**What needs to be done**
Transcribe all records exactly; omit pictures.

══════

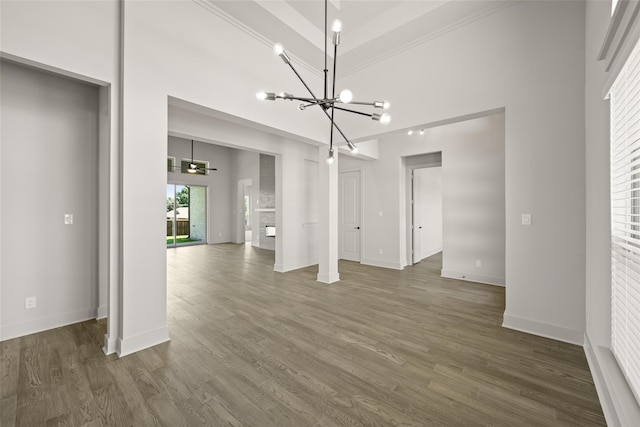 unfurnished dining area with ornamental molding, dark wood-type flooring, a notable chandelier, and a towering ceiling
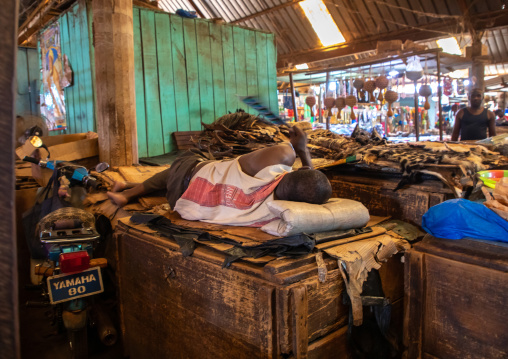 African man sleeping on a market stall during Ramadan, Poro region, Korhogo, Ivory Coast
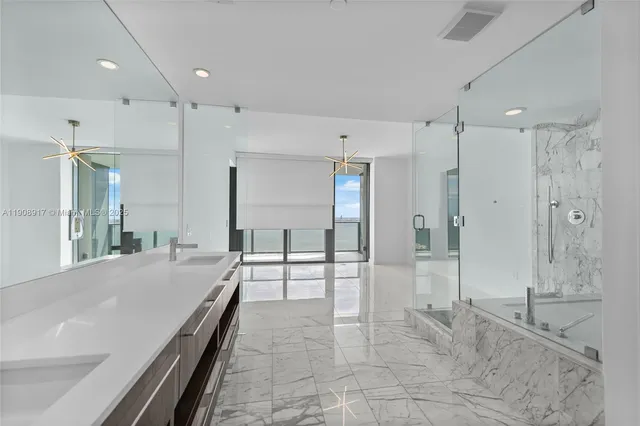 a large en suite bathroom with a granite countertop sink mirror and shower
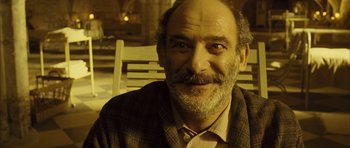 Movie still from “A Very Long Engagement” (2004), directed by Jean-Pierre Jeunet – An older man with a beard and a mustache; Close Up shot, High angle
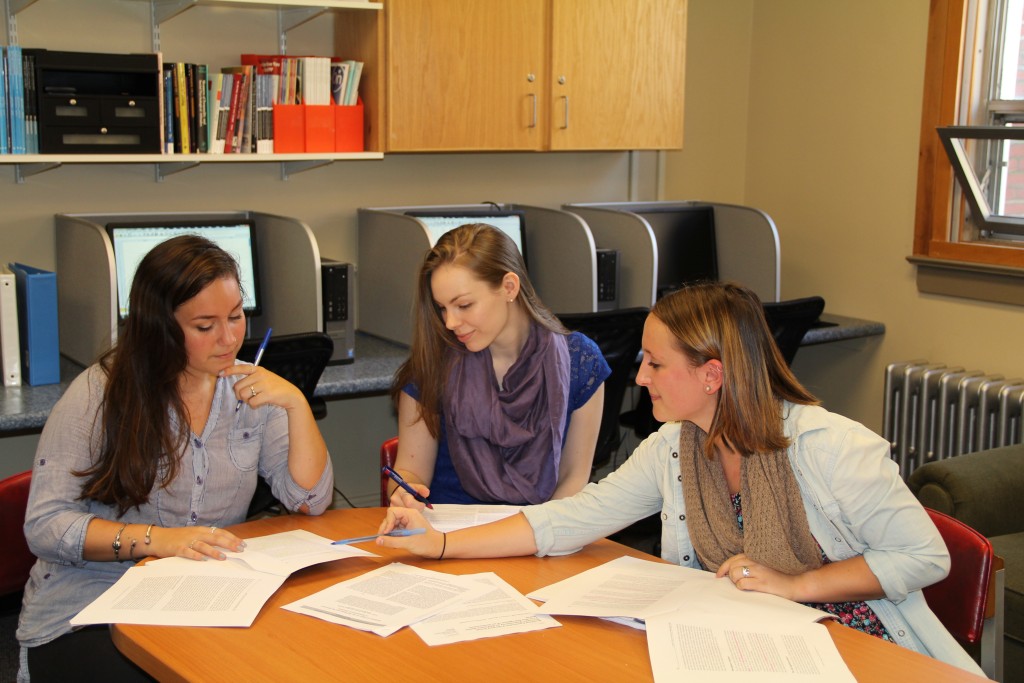 three students work in the psychology lab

══════

**Expected answer**
 unfurnished dining area with ornamental molding, dark wood-type flooring, a notable chandelier, and a towering ceiling
 African man sleeping on a market stall during Ramadan, Poro region, Korhogo, Ivory Coast
 a large en suite bathroom with a granite countertop sink mirror and shower
 Movie still from “A Very Long Engagement” (2004), directed by Jean-Pierre Jeunet – An older man with a beard and a mustache; Close Up shot, High angle
 three students work in the psychology lab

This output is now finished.